NASHVILLE, Tenn. (WKRN) — Buying a home can be stressful. You certainly don’t want to also worry about your home getting swallowed up by a sinkhole. There’s a new bill at the state Capitol to make this process easier for homebuyers.
If you bought a home in Tennessee, you’ve seen the disclosure form. If there’s a sinkhole on the property, the seller has to check a box on the form and let you know. One lawmaker wants to help out home buyers and simplify that form.
There’s no denying that the terrain of Middle Tennessee is beautiful, but under that beauty, there is danger. In Maury County in 2020, a horse fell into a sinkhole, but he was rescued. In Gallatin last summer, a sinkhole opened up in a family’s backyard and revealed a turtle inside. And who can forget the massive sinkhole in 2014 on the Austin Peay football field?

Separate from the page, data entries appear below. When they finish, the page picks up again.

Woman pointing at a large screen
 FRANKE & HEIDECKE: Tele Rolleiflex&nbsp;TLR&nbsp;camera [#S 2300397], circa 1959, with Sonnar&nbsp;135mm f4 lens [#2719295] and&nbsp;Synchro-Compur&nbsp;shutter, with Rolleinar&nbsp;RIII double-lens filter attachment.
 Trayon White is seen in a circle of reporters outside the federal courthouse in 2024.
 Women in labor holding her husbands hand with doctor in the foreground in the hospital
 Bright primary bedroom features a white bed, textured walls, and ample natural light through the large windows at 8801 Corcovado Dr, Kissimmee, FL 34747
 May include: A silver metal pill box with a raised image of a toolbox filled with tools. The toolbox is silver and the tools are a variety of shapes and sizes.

The Volunteer State is one of the top places in the U.S. for sinkholes, according to the American Geosciences Institute.
“You need to be prepared that we have a lot of sinkholes,” said Ann Hoke, a real estate agent and owner of Ann Hoke & Associates Keller Williams.
Hoke says that folks moving here from other parts of the country aren’t aware of our sinkholes.
“They look at Middle Tennessee as being a solid bedrock, and they don’t understand the formations and the caves and the underground springs, and all of that. They don’t have a clue. So, yeah, they are very shocked when you start educating them.”
Here’s what House Bill 623 wants to change: In real estate, the current sinkhole disclosure form has two parts. One, the seller knows there’s a sinkhole. And two, the sinkhole is identified on what is called a plat map of the property. This bill gets rid of part two.
Rep. Darren Jernigan wrote the bill because a lot of older homes don’t even have sinkholes labeled on plat maps.
“What we did was to just drop that part. And leave it to where that you know there is a sinkhole on your property, you have to disclose that,” said Jernigan. “As a homeowner, it makes it a lot easier for you to be able to prove that someone did not show a sinkhole on their property.”